Brief descriptive captions:
####################
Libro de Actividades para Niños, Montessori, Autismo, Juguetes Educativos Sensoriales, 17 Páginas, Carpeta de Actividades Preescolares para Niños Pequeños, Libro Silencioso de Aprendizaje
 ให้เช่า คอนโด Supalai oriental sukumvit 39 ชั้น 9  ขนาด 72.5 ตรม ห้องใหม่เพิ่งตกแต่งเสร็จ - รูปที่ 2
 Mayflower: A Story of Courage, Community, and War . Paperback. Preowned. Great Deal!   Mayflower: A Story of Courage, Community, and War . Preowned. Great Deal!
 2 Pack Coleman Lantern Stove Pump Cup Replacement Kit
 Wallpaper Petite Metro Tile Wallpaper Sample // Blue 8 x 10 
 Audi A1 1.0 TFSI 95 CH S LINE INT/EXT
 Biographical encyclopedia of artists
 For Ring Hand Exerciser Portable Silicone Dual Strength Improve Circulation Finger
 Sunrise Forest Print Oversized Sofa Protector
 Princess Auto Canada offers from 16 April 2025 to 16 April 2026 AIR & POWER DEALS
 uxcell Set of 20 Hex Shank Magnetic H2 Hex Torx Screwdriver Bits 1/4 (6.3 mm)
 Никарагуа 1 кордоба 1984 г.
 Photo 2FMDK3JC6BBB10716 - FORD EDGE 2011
####################
The task calls for all the records above to be repeated exactly.

Finished exercise.
Libro de Actividades para Niños, Montessori, Autismo, Juguetes Educativos Sensoriales, 17 Páginas, Carpeta de Actividades Preescolares para Niños Pequeños, Libro Silencioso de Aprendizaje
 ให้เช่า คอนโด Supalai oriental sukumvit 39 ชั้น 9  ขนาด 72.5 ตรม ห้องใหม่เพิ่งตกแต่งเสร็จ - รูปที่ 2
 Mayflower: A Story of Courage, Community, and War . Paperback. Preowned. Great Deal!   Mayflower: A Story of Courage, Community, and War . Preowned. Great Deal!
 2 Pack Coleman Lantern Stove Pump Cup Replacement Kit
 Wallpaper Petite Metro Tile Wallpaper Sample // Blue 8 x 10 
 Audi A1 1.0 TFSI 95 CH S LINE INT/EXT
 Biographical encyclopedia of artists
 For Ring Hand Exerciser Portable Silicone Dual Strength Improve Circulation Finger
 Sunrise Forest Print Oversized Sofa Protector
 Princess Auto Canada offers from 16 April 2025 to 16 April 2026 AIR & POWER DEALS
 uxcell Set of 20 Hex Shank Magnetic H2 Hex Torx Screwdriver Bits 1/4 (6.3 mm)
 Никарагуа 1 кордоба 1984 г.
 Photo 2FMDK3JC6BBB10716 - FORD EDGE 2011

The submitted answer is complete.